What does a deterministic test data run actually prove for a regulator?

Two layers of evidence, intentionally separated:

Layer 1: mathematical reproducibility (Community Edition, independently verifiable). Each run is logged with task ID, engine version, planned-vs-exported counts, and timing per statement:

DATAMIMIC CE lib version: 3.0.0
Task ID: 9f5d61e7-f125-441e-a775-cd99c55c7b7e
Generating 10000 records 'payment_event' took 0.14s (71,429 records/sec)
Saving exported result for product payment_event

Pair that with a SHA-256 of the output and you have a proof a regulator or counterparty can re-run without touching DATAMIMIC infrastructure: same model, same seed, same hash, every time.

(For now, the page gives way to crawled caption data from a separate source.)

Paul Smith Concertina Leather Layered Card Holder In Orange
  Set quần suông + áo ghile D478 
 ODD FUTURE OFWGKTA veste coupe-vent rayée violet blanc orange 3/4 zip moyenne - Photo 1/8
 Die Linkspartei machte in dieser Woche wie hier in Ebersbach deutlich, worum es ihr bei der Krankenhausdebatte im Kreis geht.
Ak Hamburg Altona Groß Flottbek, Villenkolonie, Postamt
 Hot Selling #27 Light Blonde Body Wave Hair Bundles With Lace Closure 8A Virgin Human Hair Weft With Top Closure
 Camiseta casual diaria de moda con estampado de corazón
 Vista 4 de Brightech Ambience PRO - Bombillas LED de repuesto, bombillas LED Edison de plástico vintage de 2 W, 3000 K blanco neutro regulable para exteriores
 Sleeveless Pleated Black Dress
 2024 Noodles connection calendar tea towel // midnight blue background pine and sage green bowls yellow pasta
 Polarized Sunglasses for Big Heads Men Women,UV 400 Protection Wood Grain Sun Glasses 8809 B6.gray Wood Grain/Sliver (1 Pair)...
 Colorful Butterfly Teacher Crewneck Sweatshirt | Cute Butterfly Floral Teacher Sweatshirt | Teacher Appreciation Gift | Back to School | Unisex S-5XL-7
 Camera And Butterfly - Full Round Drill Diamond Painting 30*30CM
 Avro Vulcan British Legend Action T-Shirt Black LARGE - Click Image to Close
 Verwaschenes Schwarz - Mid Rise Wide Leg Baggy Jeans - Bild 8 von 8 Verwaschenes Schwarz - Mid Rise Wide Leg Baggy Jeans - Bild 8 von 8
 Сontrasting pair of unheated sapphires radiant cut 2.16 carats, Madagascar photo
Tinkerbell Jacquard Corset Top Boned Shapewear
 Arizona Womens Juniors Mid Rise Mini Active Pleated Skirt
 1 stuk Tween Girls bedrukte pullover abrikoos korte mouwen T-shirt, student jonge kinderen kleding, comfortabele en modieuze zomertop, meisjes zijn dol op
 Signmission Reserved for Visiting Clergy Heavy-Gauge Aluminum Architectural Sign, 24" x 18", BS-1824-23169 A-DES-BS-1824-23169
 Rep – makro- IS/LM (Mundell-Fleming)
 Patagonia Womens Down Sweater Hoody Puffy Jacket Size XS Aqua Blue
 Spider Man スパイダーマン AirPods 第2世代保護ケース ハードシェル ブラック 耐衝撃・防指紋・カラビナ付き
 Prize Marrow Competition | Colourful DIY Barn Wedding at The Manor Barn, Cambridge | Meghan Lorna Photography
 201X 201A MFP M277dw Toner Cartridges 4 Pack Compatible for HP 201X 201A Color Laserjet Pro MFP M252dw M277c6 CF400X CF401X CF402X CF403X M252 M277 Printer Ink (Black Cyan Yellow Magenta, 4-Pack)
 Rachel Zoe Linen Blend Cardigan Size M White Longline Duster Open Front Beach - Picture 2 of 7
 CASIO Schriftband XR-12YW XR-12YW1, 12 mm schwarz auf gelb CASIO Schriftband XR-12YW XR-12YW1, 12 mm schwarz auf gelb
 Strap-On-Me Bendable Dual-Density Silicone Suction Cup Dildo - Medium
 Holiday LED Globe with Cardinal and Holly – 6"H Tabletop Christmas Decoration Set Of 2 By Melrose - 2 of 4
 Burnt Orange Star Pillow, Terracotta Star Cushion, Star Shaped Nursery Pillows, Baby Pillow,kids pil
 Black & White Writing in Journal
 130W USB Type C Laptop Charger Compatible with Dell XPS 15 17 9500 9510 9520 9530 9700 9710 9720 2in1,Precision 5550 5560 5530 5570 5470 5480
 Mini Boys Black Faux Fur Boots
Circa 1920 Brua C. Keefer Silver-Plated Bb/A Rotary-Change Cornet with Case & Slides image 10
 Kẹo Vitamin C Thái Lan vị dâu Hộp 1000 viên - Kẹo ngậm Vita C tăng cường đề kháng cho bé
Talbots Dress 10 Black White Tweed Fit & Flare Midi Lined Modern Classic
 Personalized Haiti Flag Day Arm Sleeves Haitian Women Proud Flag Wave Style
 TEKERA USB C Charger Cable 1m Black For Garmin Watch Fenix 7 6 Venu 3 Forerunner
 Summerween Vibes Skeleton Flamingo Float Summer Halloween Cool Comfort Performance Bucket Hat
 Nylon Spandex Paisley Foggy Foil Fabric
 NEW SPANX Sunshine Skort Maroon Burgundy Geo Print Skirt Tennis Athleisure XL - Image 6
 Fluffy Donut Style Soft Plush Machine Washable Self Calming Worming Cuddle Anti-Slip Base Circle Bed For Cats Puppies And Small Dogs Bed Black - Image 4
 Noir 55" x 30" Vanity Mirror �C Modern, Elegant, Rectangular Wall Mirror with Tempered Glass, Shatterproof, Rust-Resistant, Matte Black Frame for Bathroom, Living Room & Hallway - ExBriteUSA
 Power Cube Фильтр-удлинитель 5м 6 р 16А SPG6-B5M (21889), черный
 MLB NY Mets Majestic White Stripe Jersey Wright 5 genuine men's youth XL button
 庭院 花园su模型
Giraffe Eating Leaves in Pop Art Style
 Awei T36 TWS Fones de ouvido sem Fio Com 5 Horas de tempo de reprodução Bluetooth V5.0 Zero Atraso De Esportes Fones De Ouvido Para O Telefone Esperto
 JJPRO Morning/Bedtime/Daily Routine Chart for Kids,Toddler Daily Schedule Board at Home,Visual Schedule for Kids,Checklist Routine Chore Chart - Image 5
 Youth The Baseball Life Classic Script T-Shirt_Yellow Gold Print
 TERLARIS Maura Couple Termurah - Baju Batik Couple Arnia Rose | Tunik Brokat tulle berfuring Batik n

The 30M-record Kafka case is the Enterprise execution layer (Layer 2 below); CE proves the per-record math at a scale anyone can re-run on a laptop. Statistical or resampling-based synthetic data tools cannot produce this match by construction.

Layer 2: operational audit evidence (Enterprise Platform). EE adds structured, runtime-profile-controlled observability that production-scale audit requires:

  • Typed user errors with stable issue codes and documentation links so a failed run resolves to a single docs page, not a stack trace.
  • Structured CONTROL and HEALTH lines with stable keys for machine parsing:
# illustrative run record
FASTOPS | rust=enabled
CONTROL | kind=start | descriptor=datamimic.xml | pid=13849
HEALTH  | client=kafka | type=kafka | status=ok | latency_ms=12
CONTROL | kind=execution_plan | stmt=payment_event | source_partition_owner=data_source | paging_strategy=data_source_sharding
EXPORT  | coordinator | instance=f10abec9 | start=0 | end=30.000.000 | workers=10 | worker_id=1
PROGRESS | stmt=payment_event | scope=worker | worker=1 | 100% | exported=30.000.000 | 72,762 rec/s
Summary | payment_event: planned 30.000.000 · exported 30.000.000 in 412.31s (72,762 rec/s)
CONTROL | kind=stmt_end | stmt=payment_event | status=ok
CONTROL | kind=end | status=ok
  • Rate cards that surface the planned read strategy and source/target capacity profile per statement, so a slow consumer or rate-limited datasource shows up in the run record, not in an SRE post-mortem:
CONTROL | RATE_CARD | rc_ver=1 | backend=kafka | strategy=batch_pull
        | stmt=payment_event | selector=topic | throughput=high
        | src_cpu=low | src_io=net_bound | temp=0 | resume=exact
  • Per-stage granularity, configurable per runtime profile (Performance, Balanced, Flexibility). The runtime config exposes named knobs the auditor can pin in the run record: log_nested_progress, log_nested_summaries, ds_log_source_metrics, ds_log_export_metrics, log_stmt_start, log_debug_stacktraces, log_progress_pct, and others. Different profiles, different verbosity, same line grammar.
  • Fail-closed-or-degrade with full logging in either direction: malformed mandatory proofs abort with a typed error; absent optional resources degrade through an explicit, logged path. No silent fallback either way.

Layer 1 is what your team and a regulator can verify independently. Layer 2 is the operational record that closes the loop for PCI DSS 4.0 logging requirements and DORA traceability expectations at production scale.